Pendant un an et demi, il a collaboré avec les meilleures maisons françaises d'artisanat de luxe (Lesage, Goossens, Paloma, Montex, Maison Michel...), regroupées dans les ateliers du 19M à Paris, pour aboutir à une symbolique simple mais dynamique et puissante.
Installé sur une grande table, Jean-Charles de Castelbajac saisit sa paire de ciseaux et découpe intuitivement des feuilles de papier rouges, vertes, bleues, jaunes - ses couleurs fétiches, "universelles", sa "gamme du peuple".
Il agence les petites chutes de papier autour d'une croix et commente ses croquis: tenues des diacres au quadrillage d'or, de rouge et de bleu, "Mondrian médiéval", bannières, chasubles des archevêques et mitres à la grande croix d'or...
"J'ai construit mes vêtements liturgiques autour de cette croix rayonnante, qui diffuse la joie, l'espérance, le vivre ensemble par la multiplicité de ces couleurs", poursuit-il avec ferveur.
"Depuis le début de ma carrière, j'ai kidnappé l'arc-en-ciel", sourit-il, plissant ses yeux bleu ciel. "J'étais réconforté par la couleur qui était sur les drapeaux, sur les vitraux, chaque matin dans mon collège."
"C'est quelque chose que je partage intimement avec l'Eglise", poursuit-il, institution avec laquelle il a collaboré deux fois en habillant notamment Jean-Paul II pour les Journées Mondiales de la Jeunesse (JMJ) de 1997.
Dans le rouge, il voit le sang du Christ, le bleu est celui de Marie, le vert synonyme d'espérance, le jaune est l'or, "synthèse de tout".
- "Epoque dystopique", foi "motrice" -
Ce langage sans parole des couleurs et leur agencement doivent "donner de l'espérance et de la force", d'où la dimension épique de ces explosions fragmentaires, pour "donner envie aux jeunes de continuer" dans une "époque de dystopie", selon lui.
L'Eglise est-elle en danger?

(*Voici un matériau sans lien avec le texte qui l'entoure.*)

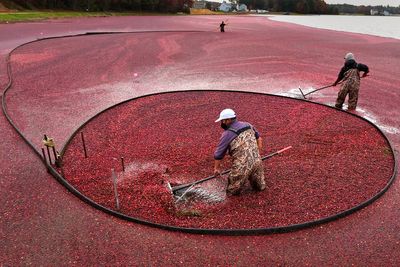 Millions will eat cranberry sauce on Thanksgiving. But what bog did it come from?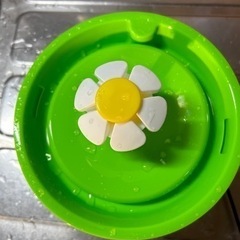 文鳥の水遊びに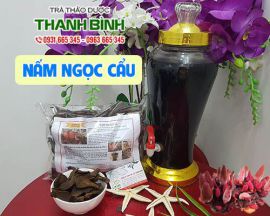 Mua bán nấm ngọc cẩu ở huyện Bình Chánh giúp điều trị đau lưng mỏi gối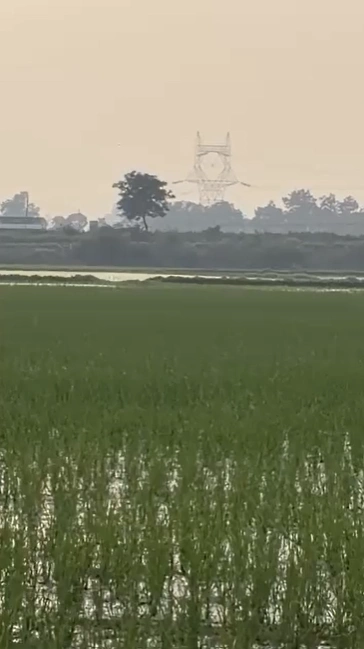 FH9F+J54, Jhajjar, Subana, Haryana 124109, India - Photo 3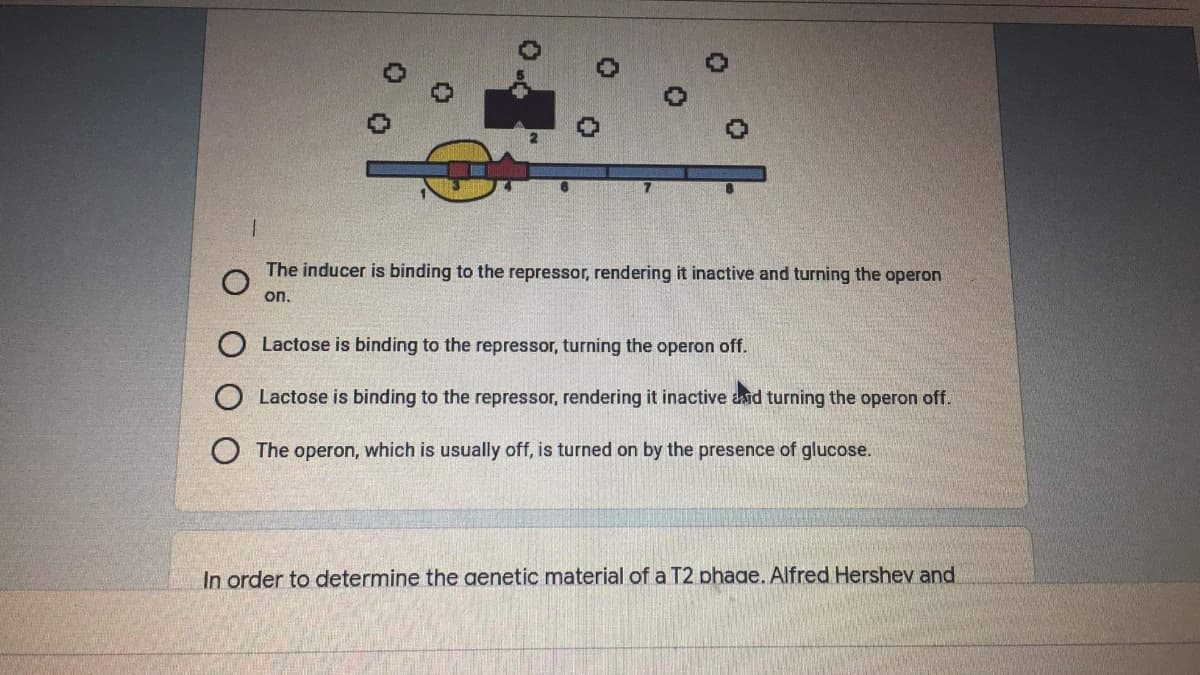 The inducer is binding to the repressor, rendering it inactive and turning the operon
on.
Lactose is binding to the repressor, turning the operon off.
Lactose is binding to the repressor, rendering it inactive and turning the operon off.
O The operon, which is usually off, is turned on by the presence of glucose.
In order to determine the genetic material of a T2 phaae. Alfred Hershev and
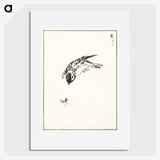 1-66_Pictorial-Monograph-of-Birds_picture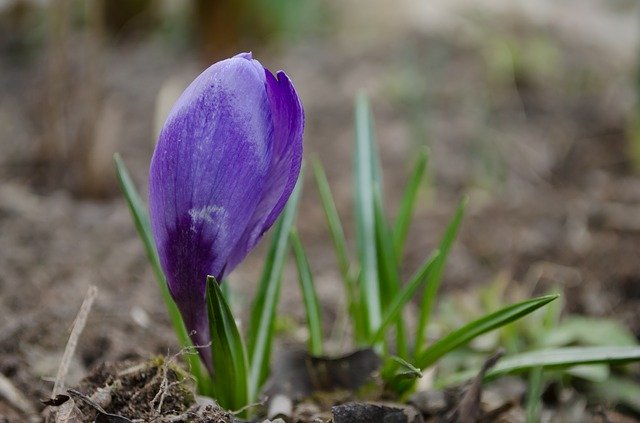 Free download Crocus Flower Spring -  free photo or picture to be edited with GIMP online image editor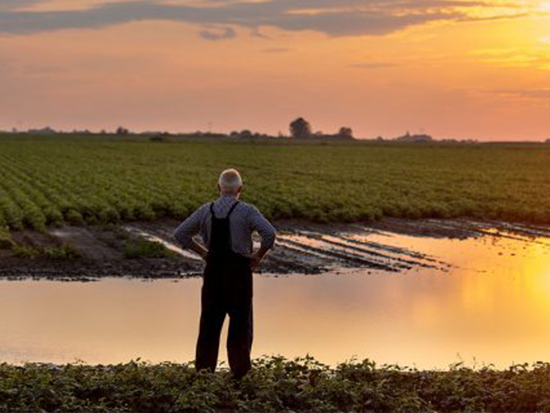 O pedido de recuperação judicial do produtor rural: pessoa física. Uma breve perspectiva da recente visão do Superior Tribunal de Justiça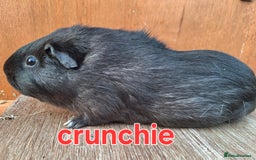 Guinea Pig rodents for sale: Female guinea pig babies in Saltburn-by-the-Sea - Image 5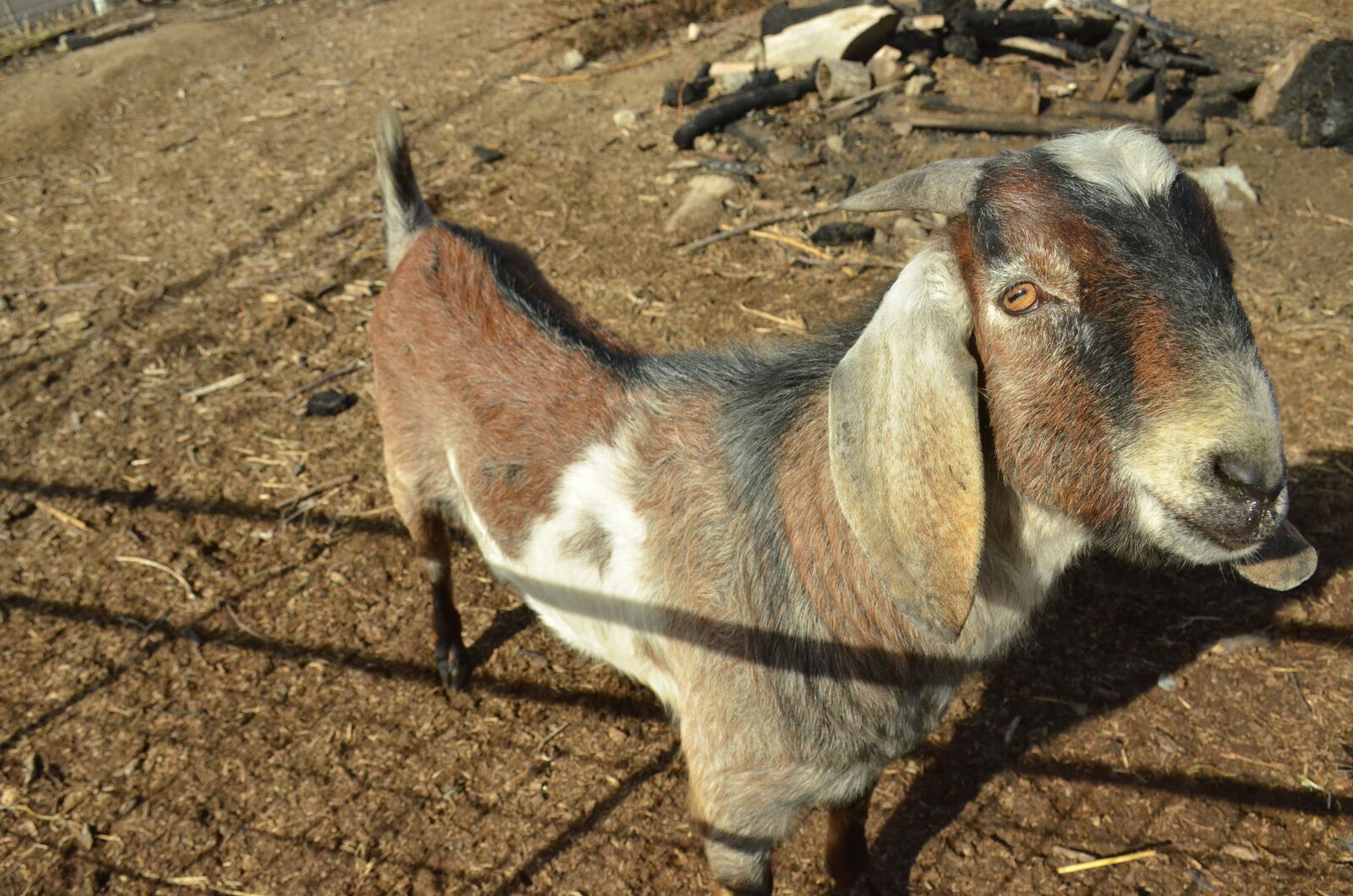 10 month old full Nubian Buckling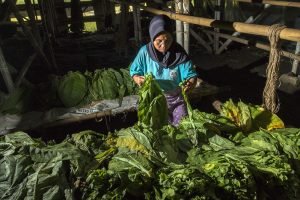 mutu tembakau indonesia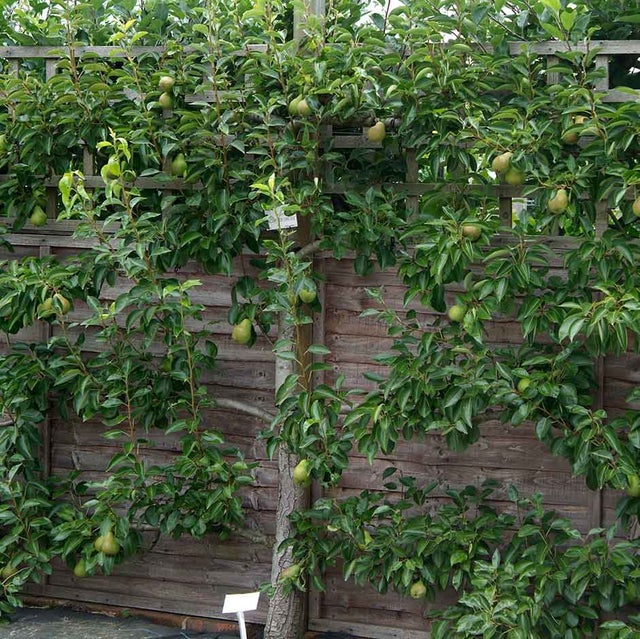 Espaliers look attractive trained on sunny walls or fences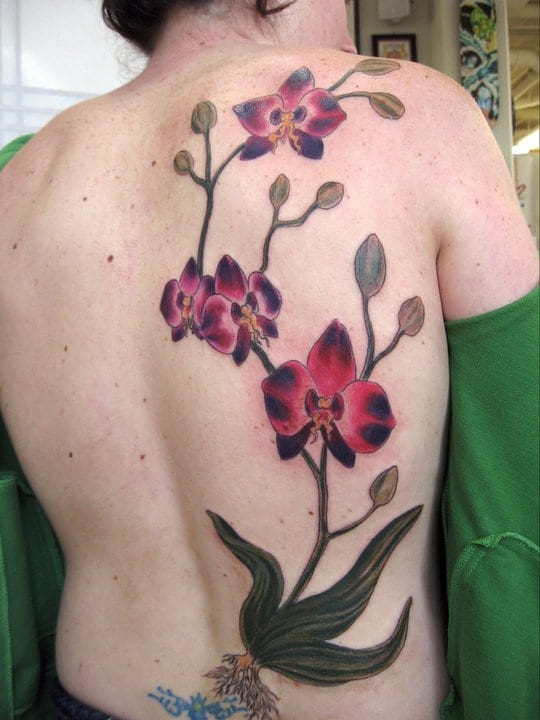 Orchid Flower With Branch Tattoo On full Back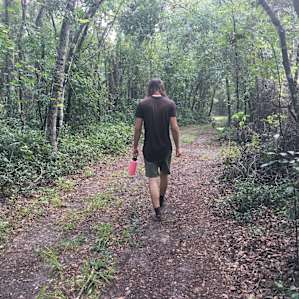 Forest Meditation Sanctuary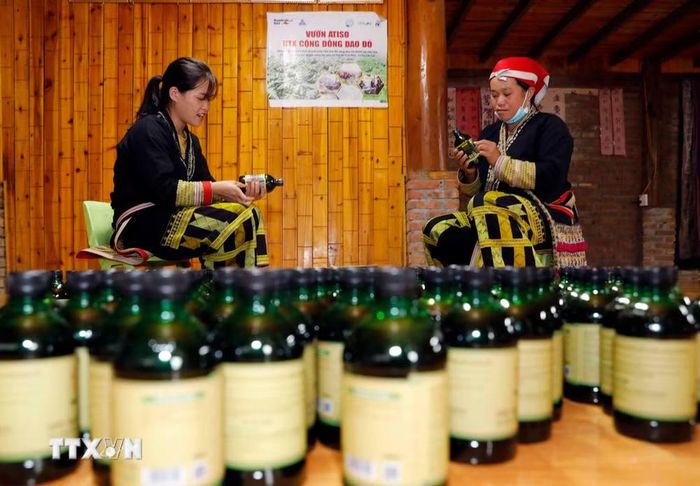 Dán nhãn mác sản phẩm thuốc tắm lá cây được khai thác từ cây dược liệu quý trong rừng tại Hợp tác xã cộng đồng Dao đỏ. (Ảnh: Trần Việt/TTXVN)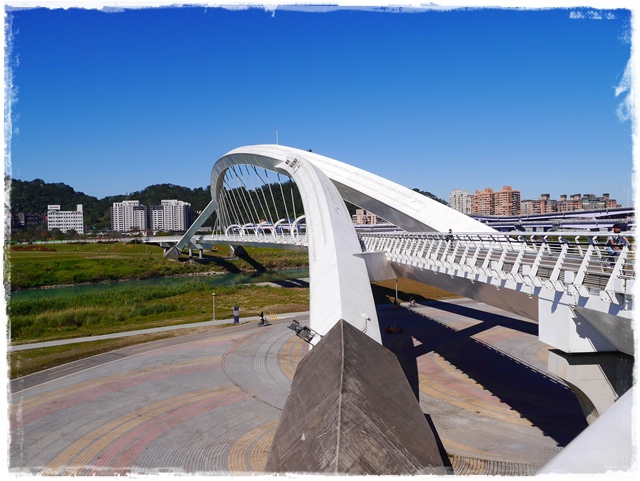 新店陽光運動公園賞河津櫻 新店陽光運動公園賞河津櫻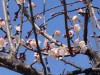 「冬は必ず春となる」はあの日蓮の言。春には順番が有る。梅が咲き、桃が咲き、そして桜が咲く。「松・竹・梅」は目出度さの代名詞みたいなもんだが、その通り、厳冬の最中でも青葉を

Plutôt "la spiritualité", rectifie l'artiste.
"Les jeunes générations sont captivées par la société du spectacle, par les images", regrette JCC, pour qui "le voyage intérieur est en phase de s'éluder".
Dans l'incendie du Notre-Dame, le 15 avril 2019, il a vu, avec "une terrible émotion", "comme un signal de prémonition à un monde en difficulté".
Mais pour cet "infatigable optimiste", ce feu était aussi "celui de l'espérance". En rentrant chez lui, il dessine le toit de Notre-Dame en vitraux, installe arc-en-ciels et anges.
"Le combat est en chacun de nous", insiste Jean-Charles de Castelbajac, défendant avec passion son "art gentil", son "art compassionnel". "Pas du tout tendance".
"C'est presque plus +rock n'roll+ aujourd'hui de travailler pour l'Eglise que d'être avec les Sex Pistols sur la Tamise en 77", glisse-t-il avec malice.